In the following step, ingesting data for classical data processing, otherwise referred to as “indexing.” At this stage, we can identify relevant personal identification Information (PII), including data such as religion, ethnicity, and gender.
As a service provider, the data culling process is initially successful if we significantly reduce the amount of data that later ends up in a document review platform. For example, de-nesting, deduplication, email threading, and other targeted metadata cullings can reduce data volumes by up to 90% based on our methods and experience.
However, the most critical factor is the transfer of personal data within the 10% remains. Within the remaining 10%, there can be false positives—always remember, it is not uncommon for the other side, in U.S. proceedings, to demand the release of the entire document review population (the data uploaded into the review data pool).
So, how do we simultaneously balance time constraints and data protection concerns?
Stage 3: Hosting, Review, and Preparation of the Data
At Sandline, we mostly rely on “in-country” processing and hosting, along with pre-filtering, to definitively exclude data privacy-violating transfer to a third country. Our server farms in Germany, Taiwan, and the U.S. process data, or we resort to a mobile instance or a cloud node.
The objective is to keep the maximum amount of data in the country and allow legal departments and lawyers outside the jurisdiction to analyze it. In doing so, our clients could always leverage technologies such as automated redaction and predefined machine learning models to detect review genuineness.
We also approach many cases with a balanced mix of technology and human review.
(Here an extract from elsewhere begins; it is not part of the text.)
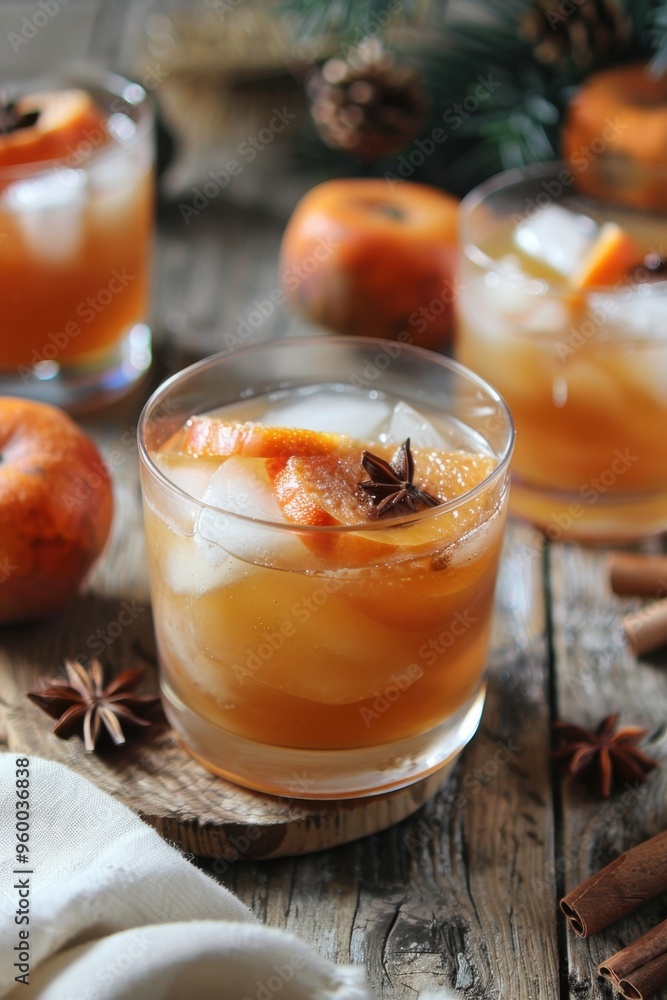 Autumnal Orange Cocktail on Textured Background with Persimmons. Persimmon Old Fashioned Autumnal Orange Cocktail on Textured Background with Persimmons. Persimmon Old Fashioned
For example, we leverage advanced technologies for the benefit of the case—including budget and human thought—with data privacy safeguards in place to reduce false positives during the document review.
What does this ultimately mean to you and your eDiscovery landscape?
Suppose you plan to partner with an eDiscovery consultant. In that case, it’s essential to start working with them at the beginning, when many decisions and requirements may shift, such as priorities, options, scope, and, most importantly, the geography and content of the targeted data.
It also helps to have a partner who has worked closely with the Works Council for small, medium, or large-sized organizations. As we discussed, knowledge of Works Council interworkings is vital for success.
At Sandline, we provide the experience, solutions, and support to help legal teams confidently navigate the complicated world of global eDiscovery and provide clarity that will ultimately take your cases further.